Manifesto Games becomes more than an ideal

I mentioned Greg Costikyan‘s desire for a utopian gaming distribution method back when I was blogging at the Evil Network, and now it looks as though that ideal is finally starting to work its way into a real PC content delivery system.

A typical game store has fewer than 200 facings. Yet thousands of titles are released each year. The result is that a game has two weeks or less to establish itself–and if it isn’t selling through in that short time-frame, it’s into the bargain bin to make room for the next title.

The result: highly hyped mediocre games win out over stealth masterpieces. There is no time for word-of-mouth to do its magic, no way to build a groundswell of enthusiasm for a fine new game.
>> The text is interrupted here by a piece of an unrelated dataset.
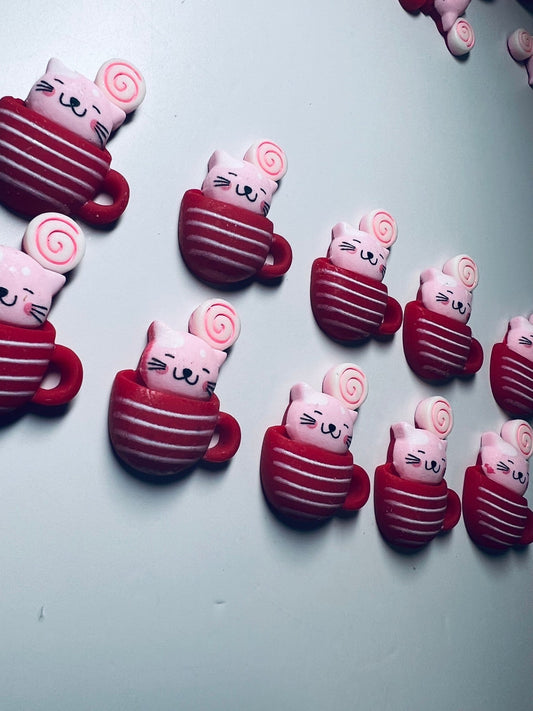 Cat in a Cup Trinket - Pink Cat Object - Mini Cat Object - Pet Trinkets - Speech Therapy Mini Objects - Doodads - Trinkets - Cabochons - Speech and Smile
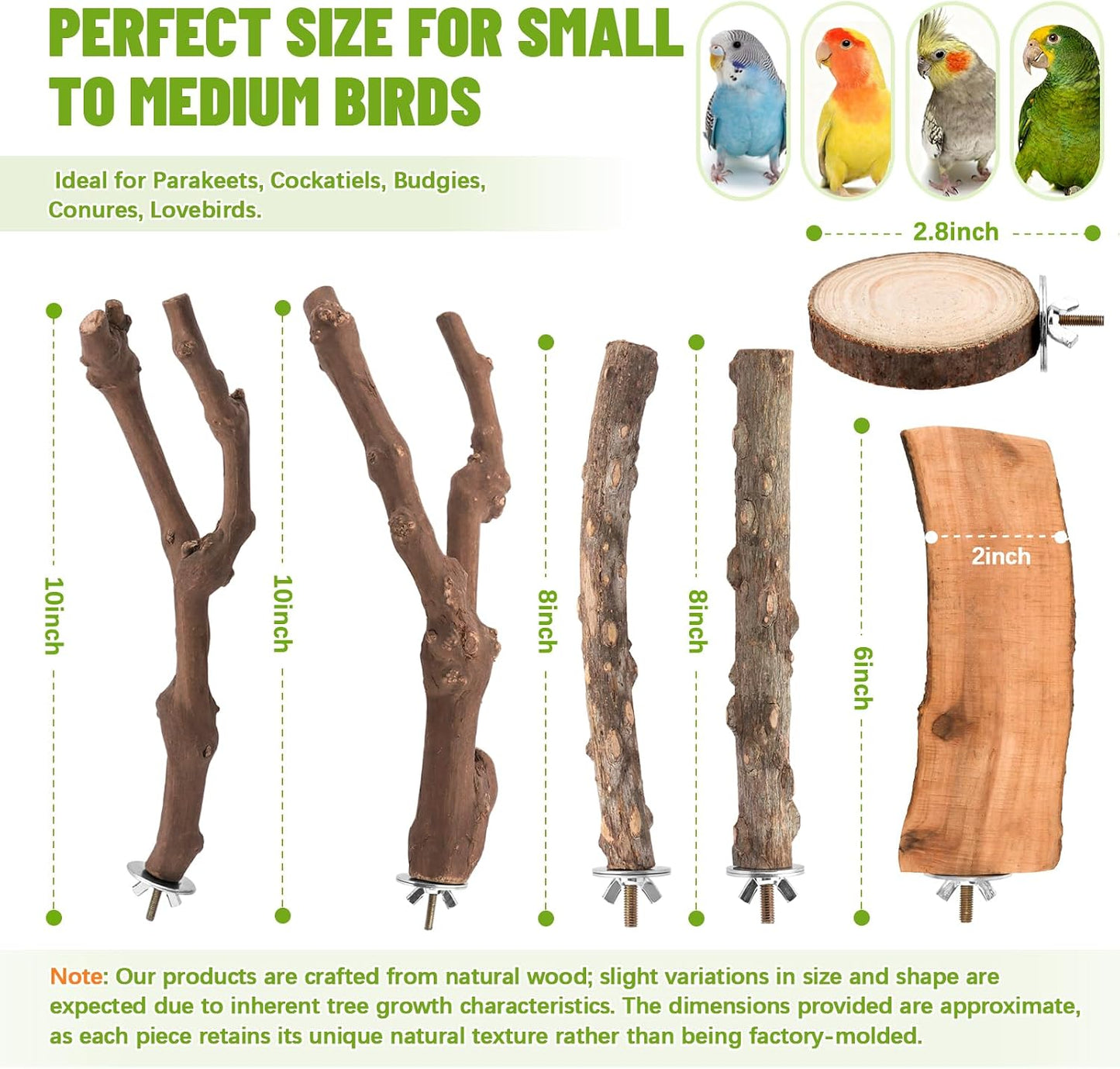 6 Pzas Perchas Madera Natural para Pájaros con Ramas y Plataformas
And as a result (also of the high budgets required for A-level titles), the conventional channel is no longer interested in any game that can’t project a bare minimum of 300,000 unit sales. There is no room for games with niche appeal–or even for games in genres that still have a following, but cannot generate those kinds of sales. Computer wargames, graphic adventures, flight sims, turn-based fantasy, 4X–they’re all gradually disappearing from the shelves.

We say the hell with this. Broadband is spreading. Shelfspace is not an issue on the Internet. Let’s move online–and let’s offer as many titles, of as many different types, as we can. Let’s appeal to every niche we can find, and let’s make it possible for someone who controls his budget, and knows he can sell 10,000 copies, to make a decent living doing so.

Greg makes it impossible to NOT support this kind of system. It’s essentially the same ideal and method of delivery that makes social software on the internet such a mind-blowing success. Sites like digg and YouTube and services like blogging and photo sharing are all built on the foundation of freedom. The user gets to control the content and what they see. The experience is no longer managed by some faceless publishing and/or distribution overlord. It’s in your hands. It’s the very essence of freedom. That’s why you have to support an effort like Manifesto Games. Because those publishing overlords? They hate our freedom. Let’s fight them together using our armament of consumer dollars.